What the exercise asks.
A faithful copy is required: retype the records from their first line through the line with "E-commerce linear icons", and omit the pictures.

Data for this task.
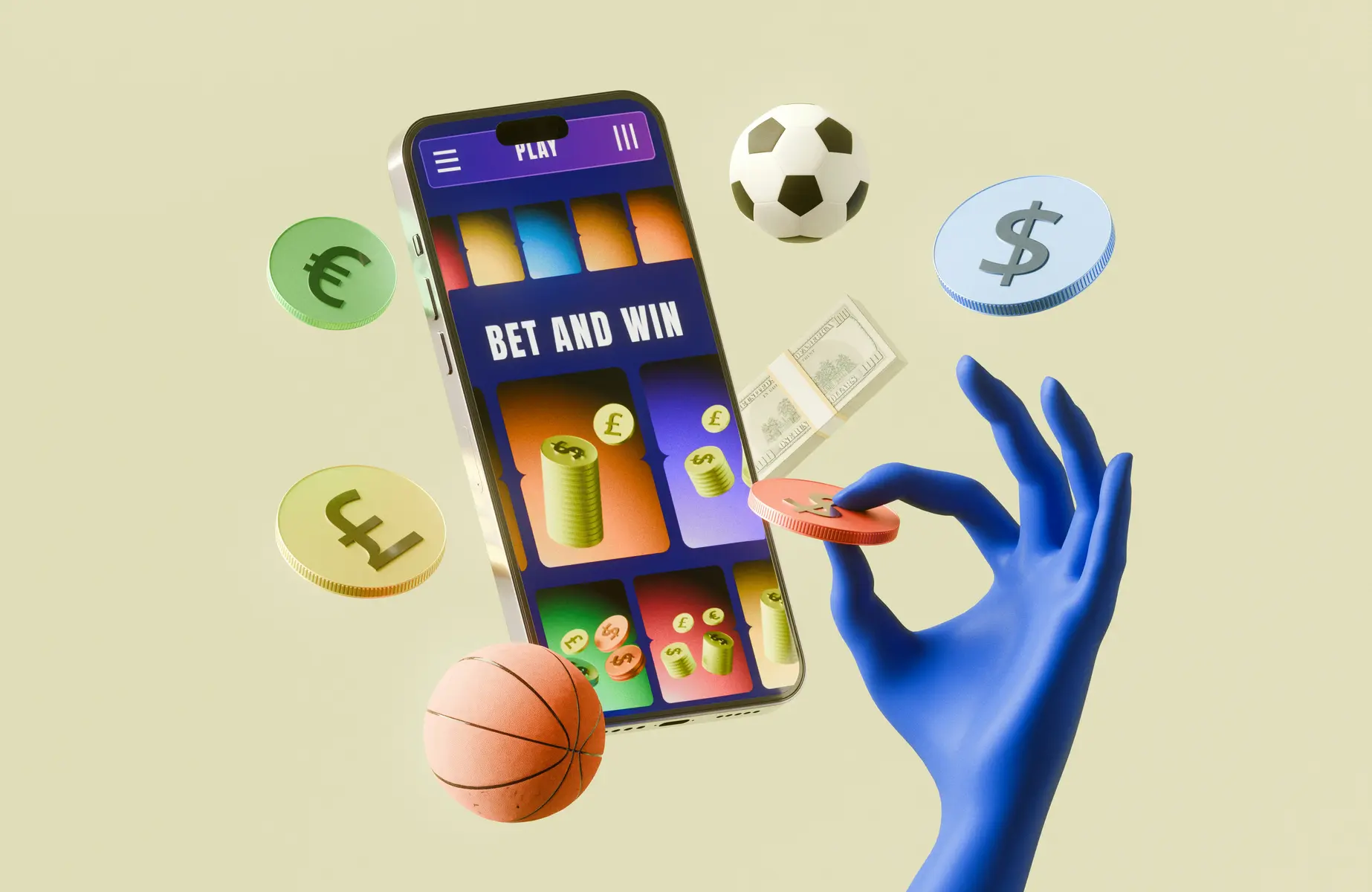 Eine stilisierte 3D-Darstellung eines Smartphones mit einer Sportwetten-App, umgeben von Münzen und Bällen.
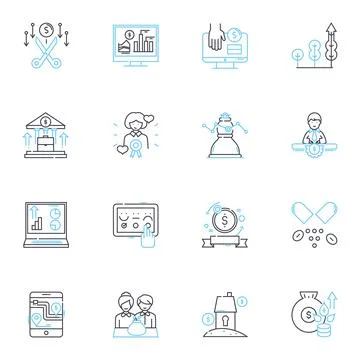 E-commerce linear icons set. Online, Marketplace, Retail, Shopping, Consumerism Stock Illustration
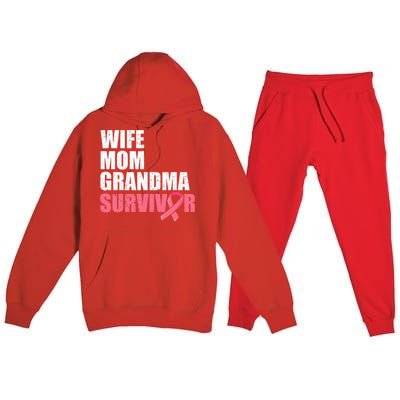 Breast Cancer Fighter  Wife Mom Grandma Survivor Premium Hooded Sweatsuit Set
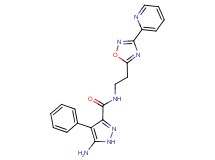 5-amino-4-phenyl-N-[2-(3-pyridin-2-yl-1,2,4-oxadiazol-5-yl)ethyl]-1H-pyrazole-3-carboxamide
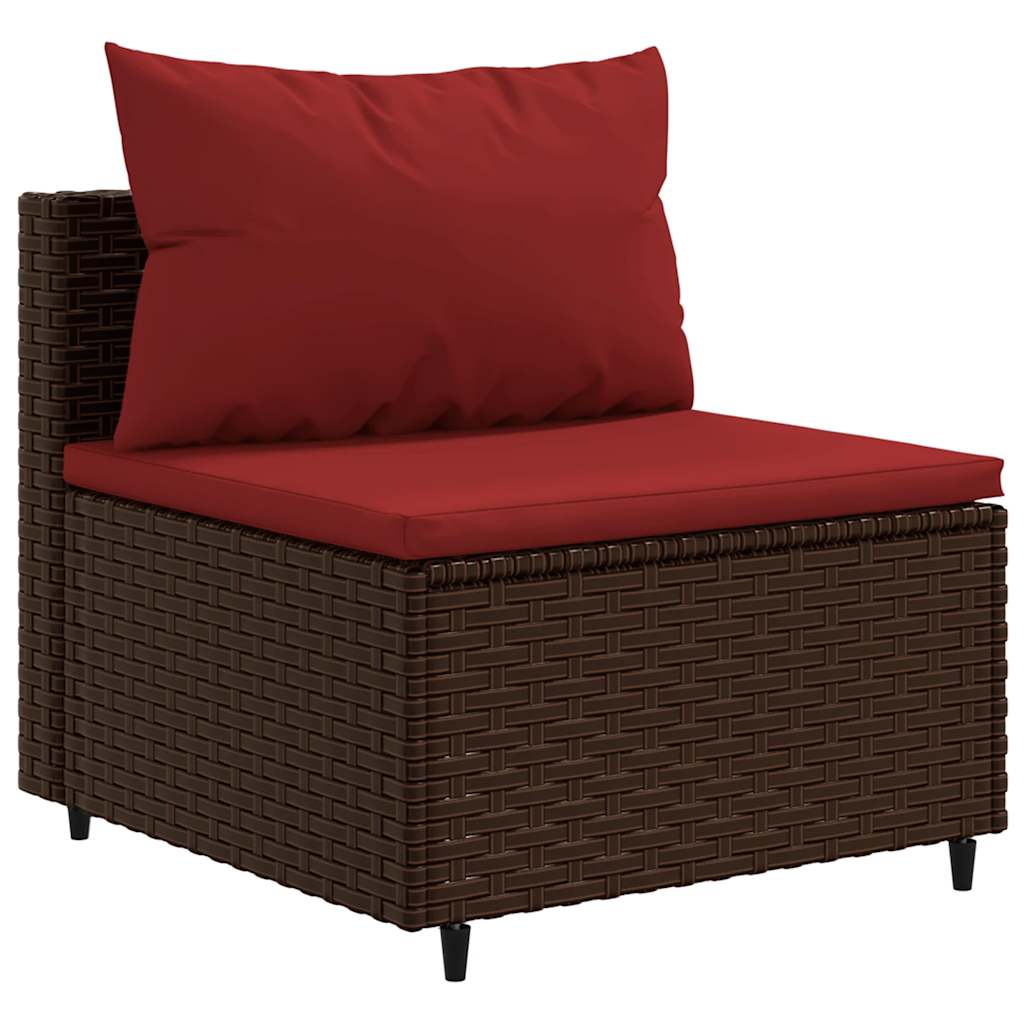 sofasæt til haven 10 dele med hynder polyrattan brun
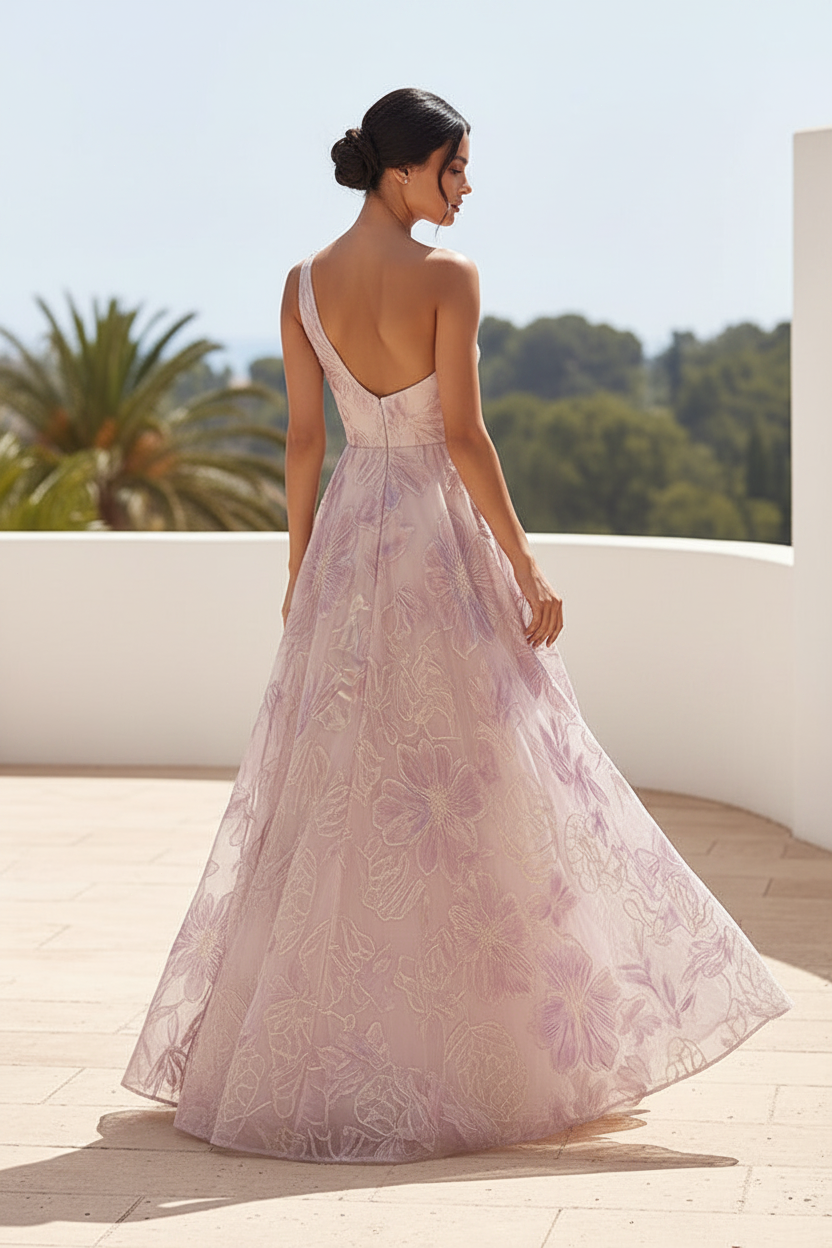 One-Shoulder Floral Jacquard A-Line Evening Gown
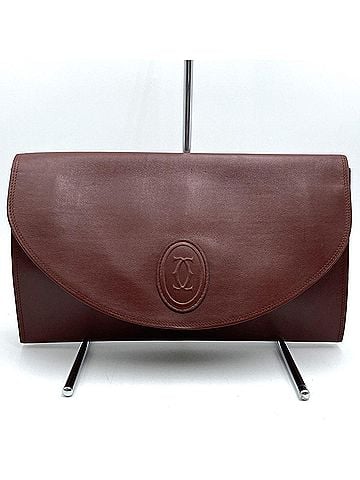 Cartier Wine Red Leather Clutch Bag (view 1)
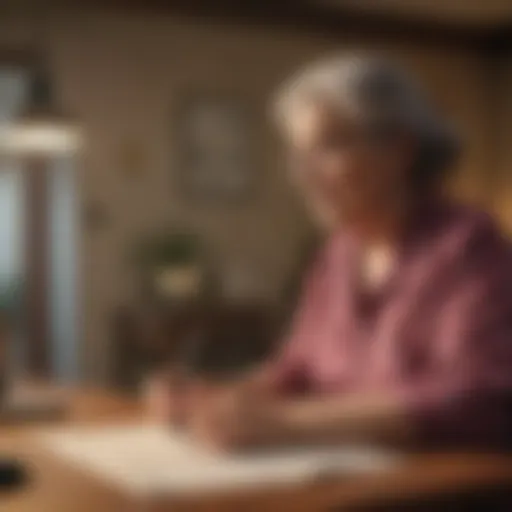 Elderly woman reviewing senior care options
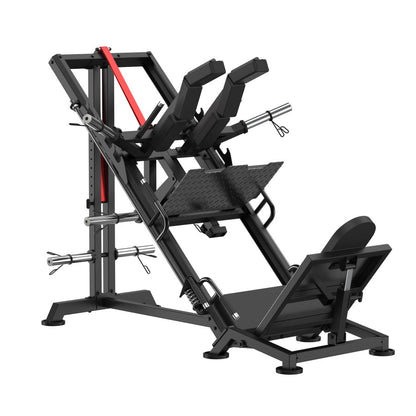 Leg Press e Hack Squat combinato professionale Cozzo Strength Equipment, macchina per gambe a 45 gradi con caricamento a dischi, struttura heavy-duty per palestre.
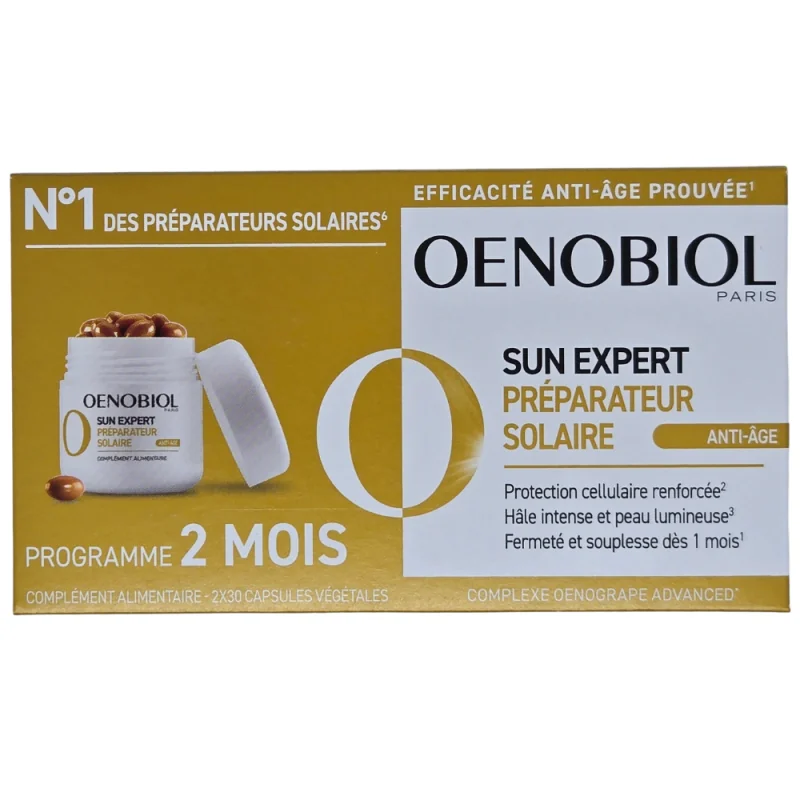 Oenobiol Sun Expert Préparateur Solaire anti-âge lot de 2x30 capsules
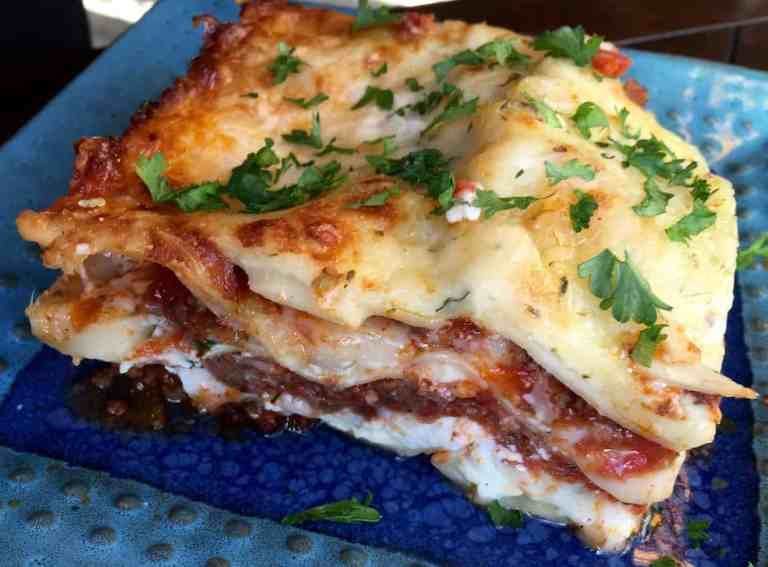 A classic meat lasagna full of cheese - Mozzarella, Parmesan, ricotta, Gruyere, and Asiago add to the complex and delicious flavour. -   20 lasagna recipes mozzarella
 ideas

Answer to the problem.
 Eine stilisierte 3D-Darstellung eines Smartphones mit einer Sportwetten-App, umgeben von Münzen und Bällen.
 E-commerce linear icons set. Online, Marketplace, Retail, Shopping, Consumerism Stock Illustration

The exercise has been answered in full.